これに対しては、たくさんの人が同じ問題を研究し、しっかりしたディベートを積み重ねればバイアスは修正されていくだろう、という議論がある。しかし残念ながら、実際にはなかなかそうはならないのだ。抑圧についての学問は、その抑圧に関連する苦しみを負った人ばかりを過剰なまでに惹きつけてしまう面がある。 そもそも「“じぶん”学」は個人的な野心や不満に訴えかけるものであるから、そういう人はそこに強い関心を持っている。このことは、この抑圧をべつだん受けていないような人たちをみんな押し出してしまうメカニズムを生み出す。

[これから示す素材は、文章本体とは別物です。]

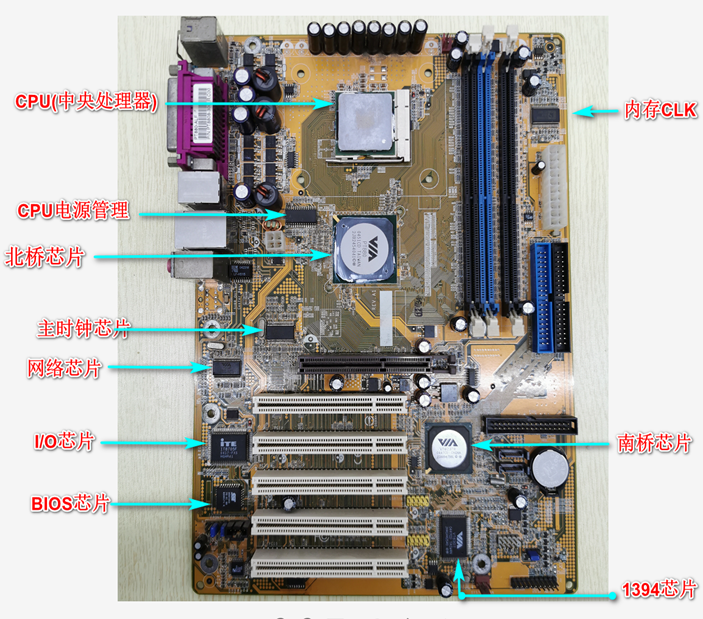 电脑主板上具体有哪些芯片？及其作用？（主板上有哪些芯片）-图2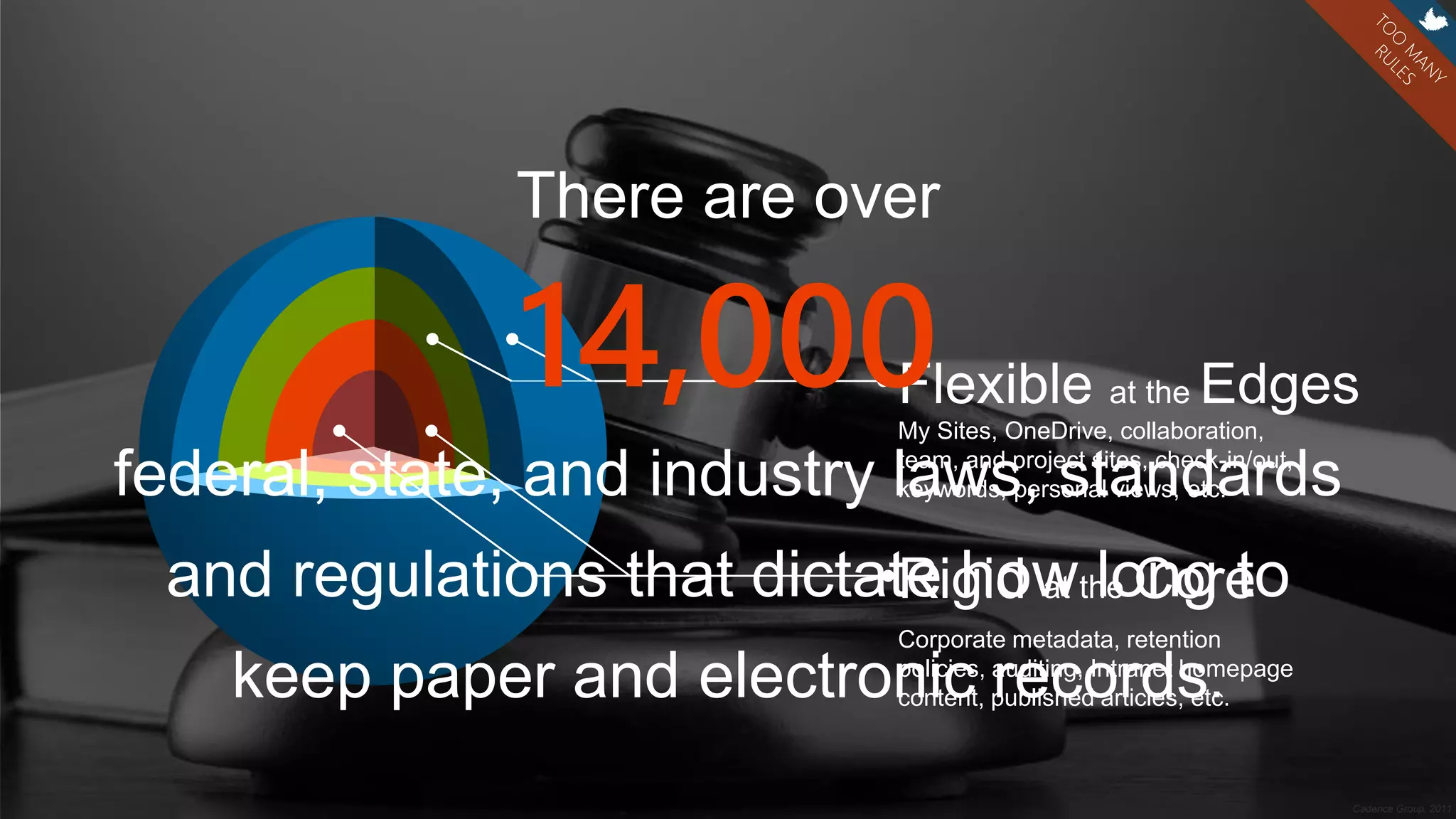 Cadence Group, 2011
Rigid at the Core
Flexible at the Edges
There are over
federal, state, and industry laws, standards
and regulations that dictate how long to
keep paper and electronic records.
14,000
Corporate metadata, retention
policies, auditing, Intranet homepage
content, published articles, etc.
My Sites, OneDrive, collaboration,
team, and project sites, check-in/out,
keywords, personal views, etc.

学問の質という面で、これでは悲惨なことになる。「批判研究」といったものを専門にしている人が、批判的な思索からは驚くほど遠い人だったという経験をしたことがこれまで何回あったかわからない。彼らには、批判的な思索にとって最重要なスキルであるところの「自己批判」、自分の見方に疑問を持ったり自分のバイアスを修正したりする技術が欠落している。彼らがそうなるのは、自分の見方を深刻に揺るがす批判を受けた経験がないからだ。(最初から自己批判に長けた人はいない。上達のためのたった一つの方法とは、自分に賛成しない他人からの批判を受けることだ。)

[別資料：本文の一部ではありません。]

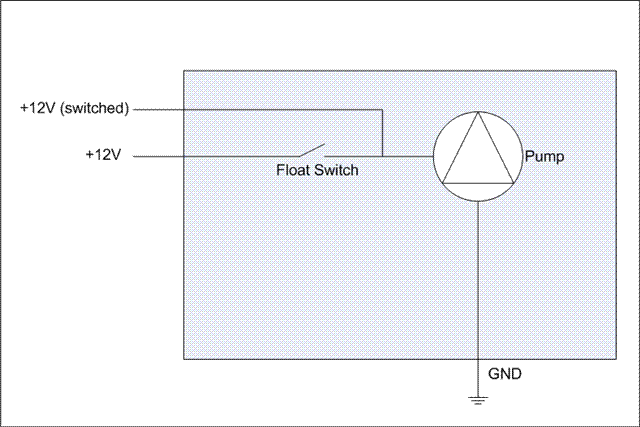 1997 wellcraft coastal bilge pump wiring diagram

研究対象が研究者自身の社会における抑圧の問題で、同時にその研究者が抑圧される側に属していることがはっきりわかっているようなとき、共感はするけれど意見には賛成しない人たちは批判してこない。そういう問題だ。批判することにより、共感していないかのように見えてしまうことを避けるからだ。そして特に、その研究者に共感しない多くの人々もまた何も言わないだろう。彼らだって共感していないことをわざわざ示そうとは思わない。かくして、聞こえてくる意見は次の二種類の人々からだけということになっていく。一つはあなたに共感し、かつ、あなた以上にラディカルなスタンスな人たち。もう一つは非共感的で、同時に、あれこれの理由で他人にどう思われるかを気にしない人たちだ。

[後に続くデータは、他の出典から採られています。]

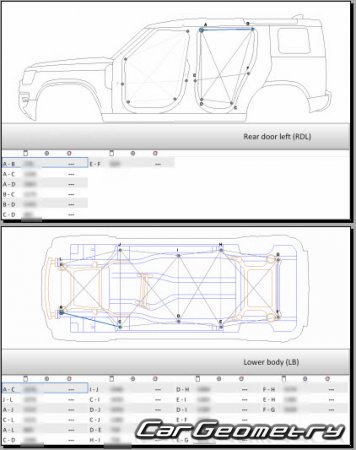   Land Rover Defender 110 (L663) 2020-2028 Body dimensions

これについて私は下のようなイメージを持っている。まず、その問題になっている抑圧を悪いと考える人たちと、そうでない人たちにのグループ分けをする。公平ではないかもしれないが人々の人間性に敬意を表し、多くの不平等の問題については、前者の方が多いとしよう。さらに、共感的かどうかと、その抑圧に対してどのような態度を採るかの基準を考えよう。まず、ラディカルで極端な見方を持つ人がいるだろう(例えば、この問題を改善するために社会秩序のすべてをひっくり返してしまいたいと考える)。もっと中庸的な立場の人もいるし、また他に保守的な人(改善のためにできることはあまりないし、改善しようとすることがかえって状況を悪くしかねないと考える)もいるだろう。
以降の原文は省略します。